Look through the entries below, please, and copy every line with the word "Picture".

• **Records for this exercise**:
******************************

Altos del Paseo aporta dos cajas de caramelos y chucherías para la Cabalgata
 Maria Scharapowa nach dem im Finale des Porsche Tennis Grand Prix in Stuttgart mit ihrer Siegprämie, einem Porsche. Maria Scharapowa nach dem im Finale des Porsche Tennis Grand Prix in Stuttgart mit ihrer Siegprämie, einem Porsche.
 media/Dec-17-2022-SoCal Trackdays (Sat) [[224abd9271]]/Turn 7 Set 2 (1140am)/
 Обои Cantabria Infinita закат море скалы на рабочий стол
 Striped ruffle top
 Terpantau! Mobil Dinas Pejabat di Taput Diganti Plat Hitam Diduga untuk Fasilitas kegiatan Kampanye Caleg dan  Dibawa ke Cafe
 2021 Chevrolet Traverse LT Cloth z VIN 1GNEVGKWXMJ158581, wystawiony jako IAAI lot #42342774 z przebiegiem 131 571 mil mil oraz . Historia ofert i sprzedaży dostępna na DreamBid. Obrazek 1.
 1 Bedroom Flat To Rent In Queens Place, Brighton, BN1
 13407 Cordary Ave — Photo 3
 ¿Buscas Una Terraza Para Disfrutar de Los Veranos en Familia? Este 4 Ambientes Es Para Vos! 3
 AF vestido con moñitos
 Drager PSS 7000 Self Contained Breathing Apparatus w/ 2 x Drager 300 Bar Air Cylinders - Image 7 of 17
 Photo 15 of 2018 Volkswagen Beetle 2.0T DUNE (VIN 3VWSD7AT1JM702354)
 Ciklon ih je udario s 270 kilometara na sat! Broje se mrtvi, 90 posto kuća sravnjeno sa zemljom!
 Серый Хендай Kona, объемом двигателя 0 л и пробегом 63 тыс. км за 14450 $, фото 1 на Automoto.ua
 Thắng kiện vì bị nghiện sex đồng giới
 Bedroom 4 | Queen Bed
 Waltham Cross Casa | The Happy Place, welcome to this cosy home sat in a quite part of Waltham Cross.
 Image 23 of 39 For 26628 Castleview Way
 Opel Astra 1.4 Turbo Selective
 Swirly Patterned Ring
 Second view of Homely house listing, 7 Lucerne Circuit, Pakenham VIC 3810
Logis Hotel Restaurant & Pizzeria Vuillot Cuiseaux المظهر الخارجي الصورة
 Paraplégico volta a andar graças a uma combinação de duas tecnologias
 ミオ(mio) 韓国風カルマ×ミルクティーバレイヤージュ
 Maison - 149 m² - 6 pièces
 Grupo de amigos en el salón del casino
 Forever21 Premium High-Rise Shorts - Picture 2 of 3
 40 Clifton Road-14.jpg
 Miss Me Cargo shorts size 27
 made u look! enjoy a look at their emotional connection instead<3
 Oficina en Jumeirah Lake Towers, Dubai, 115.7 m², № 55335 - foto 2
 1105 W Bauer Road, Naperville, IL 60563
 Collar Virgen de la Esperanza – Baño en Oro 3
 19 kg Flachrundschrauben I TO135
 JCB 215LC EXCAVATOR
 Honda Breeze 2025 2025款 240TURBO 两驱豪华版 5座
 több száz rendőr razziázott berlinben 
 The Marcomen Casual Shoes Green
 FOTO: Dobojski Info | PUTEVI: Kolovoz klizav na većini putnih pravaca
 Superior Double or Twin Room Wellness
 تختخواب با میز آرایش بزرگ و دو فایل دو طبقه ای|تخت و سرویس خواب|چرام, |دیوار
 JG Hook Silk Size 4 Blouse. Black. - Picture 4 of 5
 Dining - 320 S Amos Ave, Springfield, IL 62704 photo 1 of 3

******************************

• **Solution to the problem**:
 Forever21 Premium High-Rise Shorts - Picture 2 of 3
 JG Hook Silk Size 4 Blouse. Black. - Picture 4 of 5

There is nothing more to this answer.